Gulf War: A New, More Complex Phase Has Begun
International Herald Tribune
MONDAY, MARCH 3, 1986
By Drew Middleton
WASHINGTON — After two weeks’ fighting sparked by two widely separated Iranian offensives, the Gulf war seems no closer to an end than it was a month ago.
The second Iranian thrust took an undisclosed number of troops into northeastern Iraq where the invaders have occupied a considerable amount of real estate, but do not seem to have dealt any punishing blows to the defenders. The real danger to Iraq is that the Iranian force will push westward toward Kirkuk, the center of Iraq’s active oil industry.
Further south the well-advertised taking of the Iraqi port of Faw on the Gulf has not brought the dividends the Iranians expected. Their force there, although its morale remains high, is being subjected to heavy bombing by the Iraqi air force and one by one its supply lines are being cut.
The Iraqis, however, have failed to halt Iranian efforts to build a causeway across Abadan Island and the Shatt-al-Arab waterway to Faw. Should the invaders succeed, then the 30,000 Iranians in the bridgehead will get the supplies they need and Faw will become a major staging area for a push on the port city of Basra, a key objective but one that is heavily defended on all sides.
This is the present war situation in broad outline. Neither side normally permits neutral military attaches or reporters to visit the front.
Two offstage situations are likely to affect military operations; one political and the other economic. Intelligence organizations in the West have recently been paying more attention to the National Council of Resistance of Iran which appears to be expanding the insurgency against Ayatollah Ruhollah Khomeini’s government.
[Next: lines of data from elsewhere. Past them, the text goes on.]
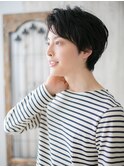 黒髪で好感度◎マッシュアンニュイ ヘアQ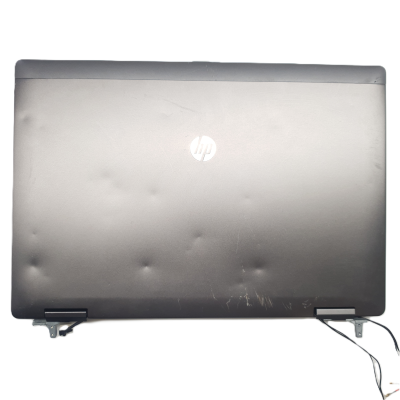 Крышка матрицы с рамкой и петлями для ноутбука HP ProBook 6470b 6460b / 6070b0479701 / Оригинал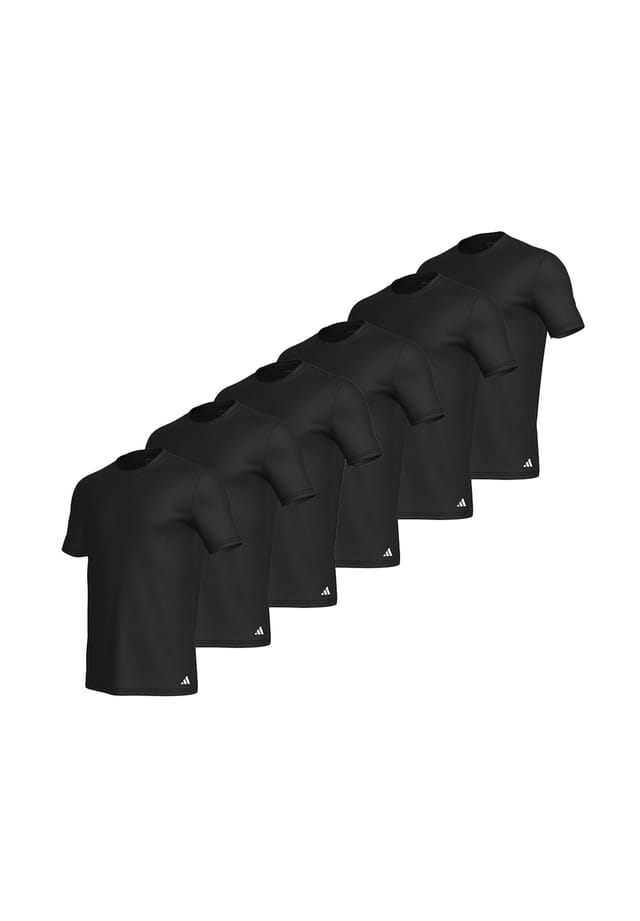 Майка / рубашка с коротким рукавом 6 шт. в упаковке активный сердечник хлопок Adidas, черный
Майка / рубашка с коротким рукавом 6 шт. в упаковке активный сердечник хлопок Adidas, черный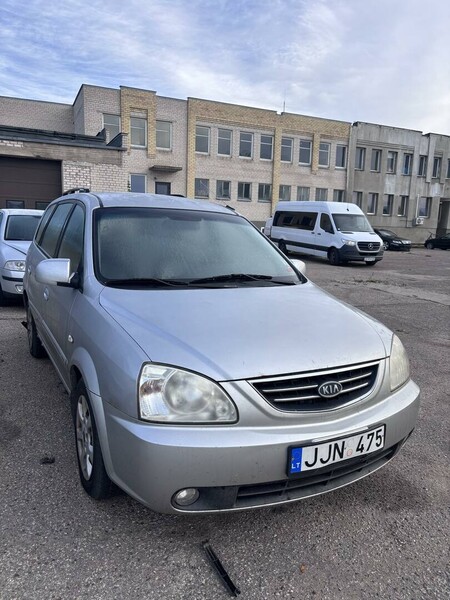 Nuotrauka 2 - Kia Carens 2006 m dalys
The council has been labeled as “terrorist” by some in Washington and, of course, its claims must be viewed with skepticism. Nonetheless, there is considerable neutral support for the insurgents’ claim that in the past 12 months they have staged 200 demonstrations against the war, which means against the Khomeini government carrying on the war. There is also evidence that those demonstrators caught were tortured and executed. The National Council puts the figure at 50,000 executed and claims that the Khomeini government has executed 140,000 civilians since the start of the war in September 1980.
Intellectuals, merchants and bazaar workers are described as being very active in the insurgency. National Council sources also claim that more than 30 percent of the movement are women, not surprising considering the Khomeini regime’s fundamentalist Islamic strictures which relegate women to an inferior role in society.
The resistance, led by National Council chairman Massoud Rajavi, claims that it is active at 200 military bases in Iran and that it has won the allegiance of thousands of soldiers and airmen who joined the services under the shah.
Such claims cannot be proved. Western intelligence sources point out, however, that soon after the war with Iraq began, the Khomeini regime began to form the Revolutionary Guards. This was interpreted as an attempt to assemble military units whose loyalty to Ayatollah Khomeini would never be questioned.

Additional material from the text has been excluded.